Records shown
________________________

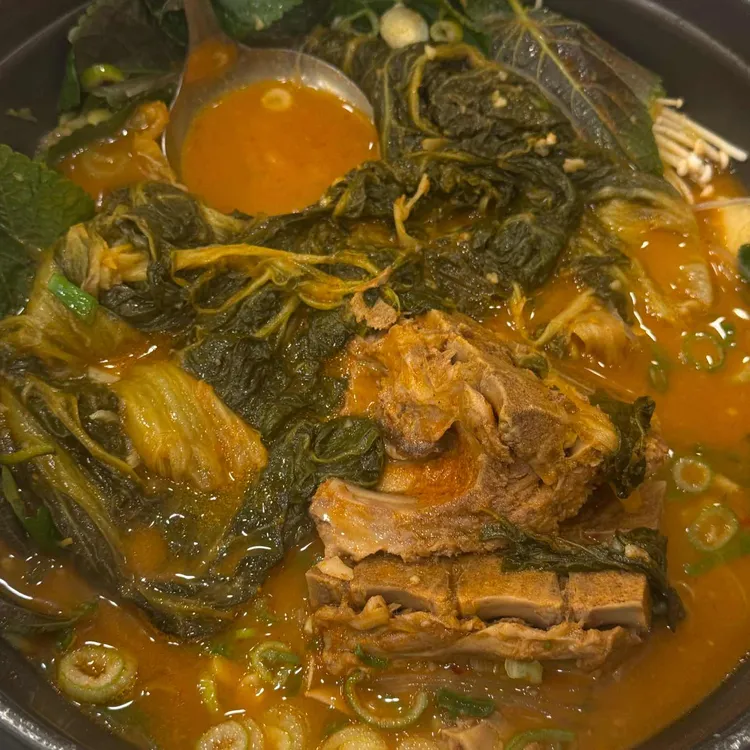 누리마을감자탕 대표 사진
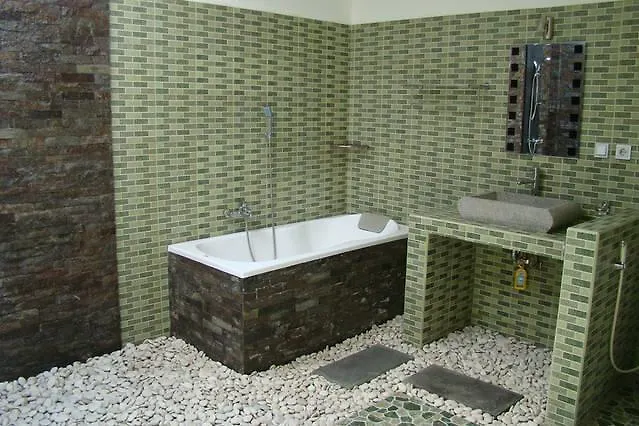Casamia Bali ゲストハウス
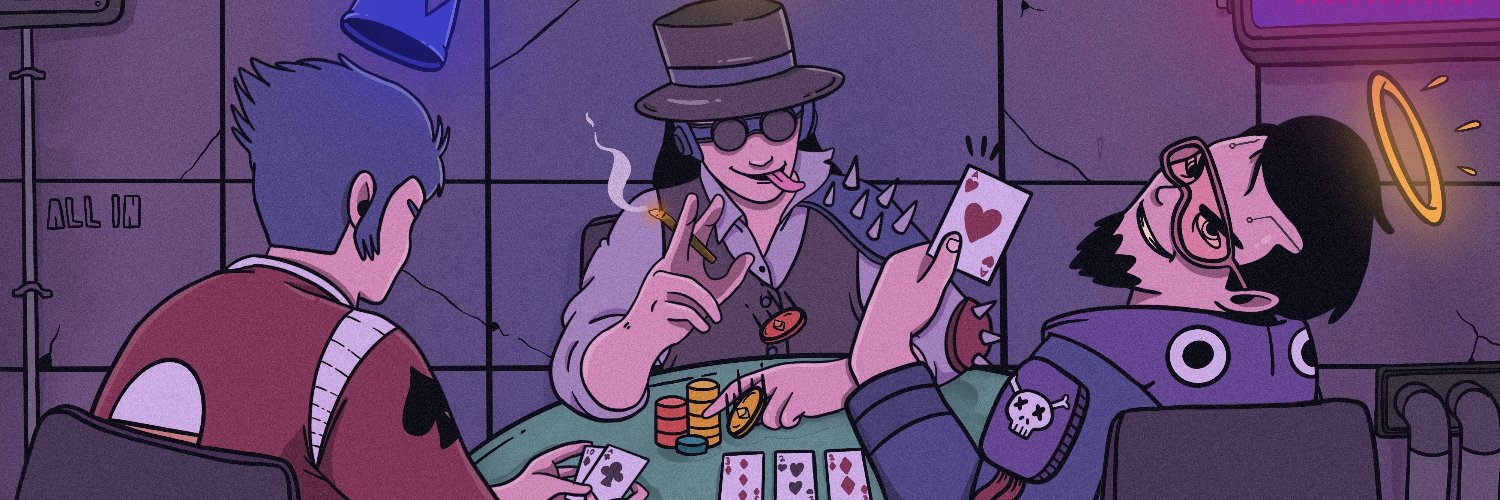 LevendiPro's banner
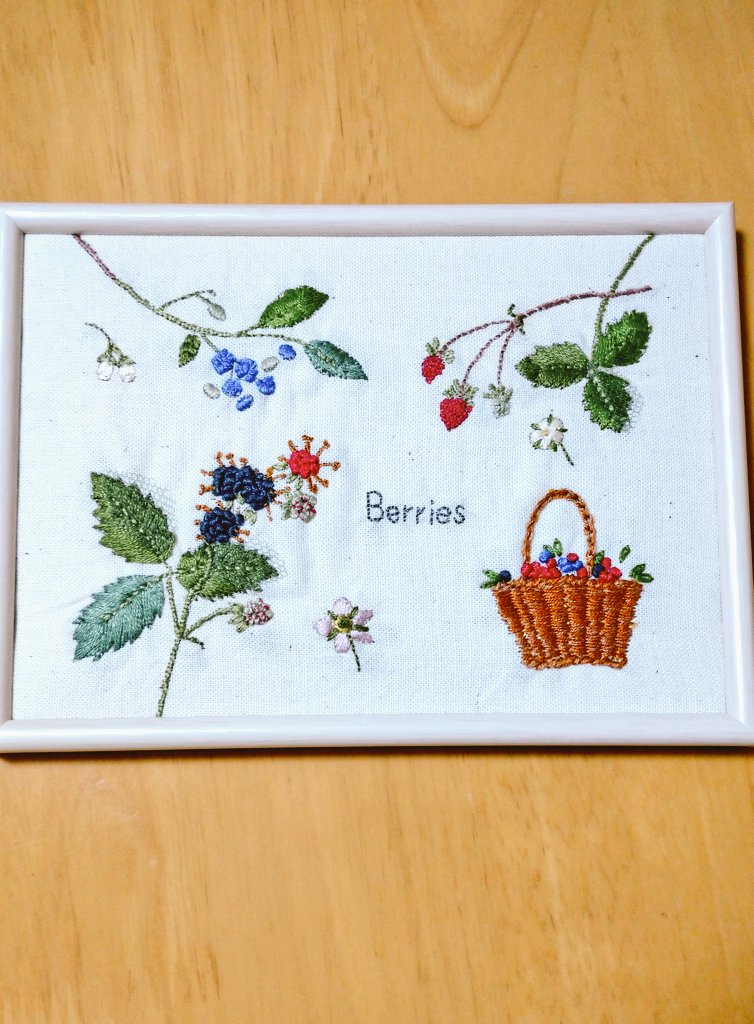 *ikaros②* tweet media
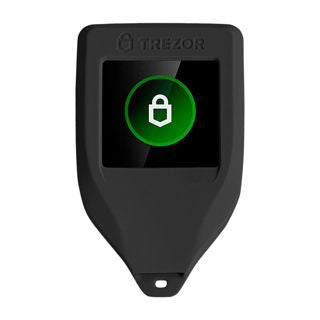 Trezor T Glove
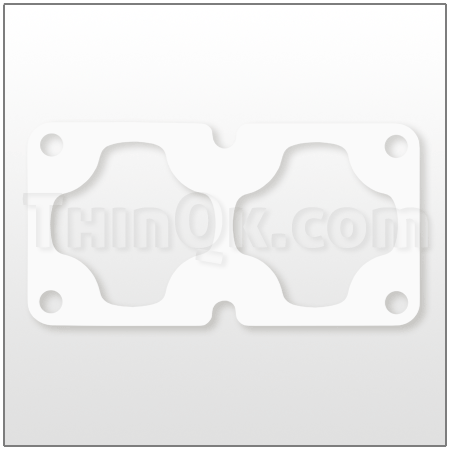 Gasket DC360-017-600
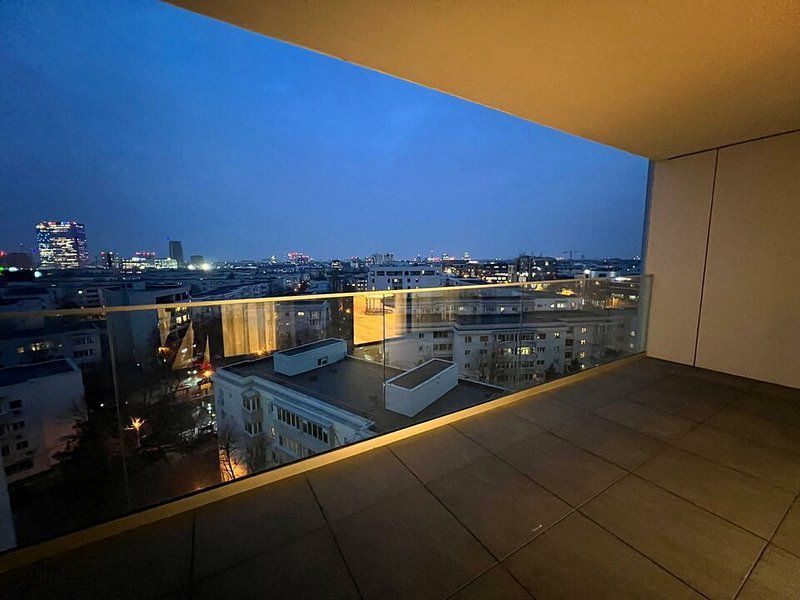 Inchiriere apartament 2 camere luxury | One Herastrau Towers - Poză 23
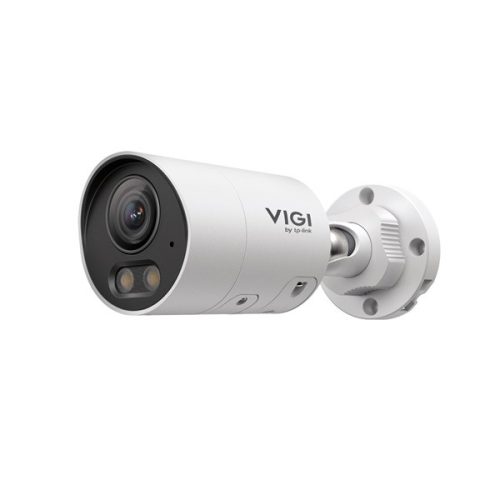 TP-LINK IP Kamera kültéri színes éjjellátó 4 Megapixel, 4mm Objektív ColorPro 2.0, INSIGHT S345S(4MM)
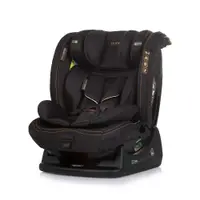Scaun auto Chipolino I Size Aviato 40-150 cm 2024 Obsidian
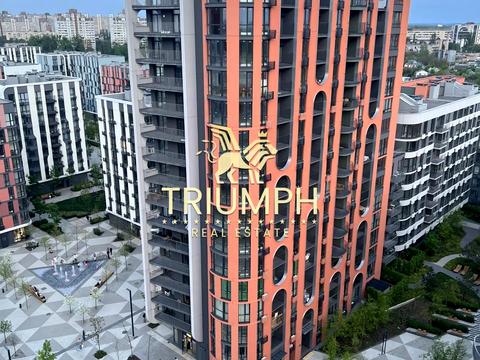 квартира по адресу Братьев Шеметов ул., (Будинок 304)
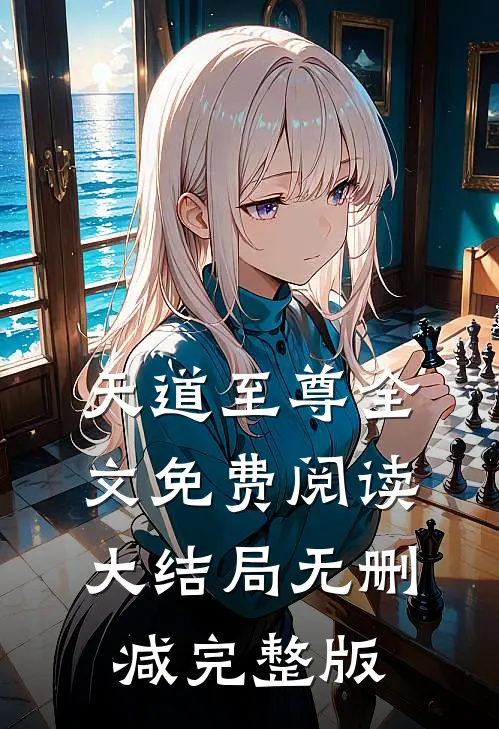 天道至尊小说完整章节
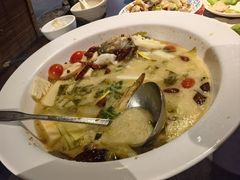 -花溪雨·森林餐厅(石基店)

________________________

Task brief
Retype, exactly and with no pictures, everything above from the line with "Inchiriere apartament 2" down to the line with "Scaun auto Chipolino", both included.

Exercise result
 Inchiriere apartament 2 camere luxury | One Herastrau Towers - Poză 23
 TP-LINK IP Kamera kültéri színes éjjellátó 4 Megapixel, 4mm Objektív ColorPro 2.0, INSIGHT S345S(4MM)
Scaun auto Chipolino I Size Aviato 40-150 cm 2024 Obsidian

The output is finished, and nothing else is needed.